Jed Rothwell wrote:

> Harry Veeder wrote:
> 
>> It was my perception ( as a non-expert) that excess heat meant Q>1.0.
>> I also think this is what your average person would regard as "excess
>> heat". This is suppose to be the "promise" of CF is it not?
> 
> With some techniques such as gas loading, cold fusion produces an
> infinite ratio: zero input, output only. In hot fusion this would be
> called a "fully ignited reaction." You cannot get more promising than that.
> 
> 
>>> It would be easy to increase
>>> the Q by reducing input power, using conventional electrochemical
>>> techniques such as moving the anode and cathode closer together.
>>> People have not done that because there is no point.
>> 
>> NO POINT???!!!!
> 
> No point. As Martin Fleischmann says this is no better than stamp collecting.
> 
> The purpose of the research is to discover how to control the
> reaction and how to produce a large volume of nuclear active material
> in the metal. Results from the U.S. Navy and the Spring8 National
> Synchrotron lab prove conclusively that only a tiny fraction of the
> material in most samples is activated.
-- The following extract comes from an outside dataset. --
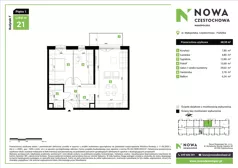 3 pokoje, mieszkanie 68,59 m², piętro 1, oferta nr F21, Nowa Częstochowa Małopolska - etap IV, Częstochowa, Częstochówka-Parkitka, ul. Małopolska 196A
Once researchers learn how to
> activate a larger fraction without blowing themselves to smithereens,
> the input output ratio will take care of itself.
> 
> Improving this ratio by changing electrochemical techniques is a
> useless, dead-end stunt. It can only improve the ratio to a limited
> extent, probably never enough to produce a 1:5 ratio, which is what
> you need to make a self-sustaining motor.

I think if such a 'demo' could be built it would attract more money
than a hundred well designed experiments.


> On the other hand, once you
> learn to control the reaction you can easily make the ratio 1:10, or
> 1:100 or probably 1:100,00 which is approximately the ratio Mizuno
> and Oriani achieved with gas-phase proton conductors.
>
> I doubt that liquid electrochemistry will ever lead to a useful form
> of cold fusion in any case.
> 
> Improving the ratio with electrochemical techniques probably does
> little to improve calorimetry, and it complicates the experiment and
> interferes with other aspects of it.
> 
> - Jed

It probably would not advance the science very much, but I think such a
device would do more to pique the interest of engineers and investors.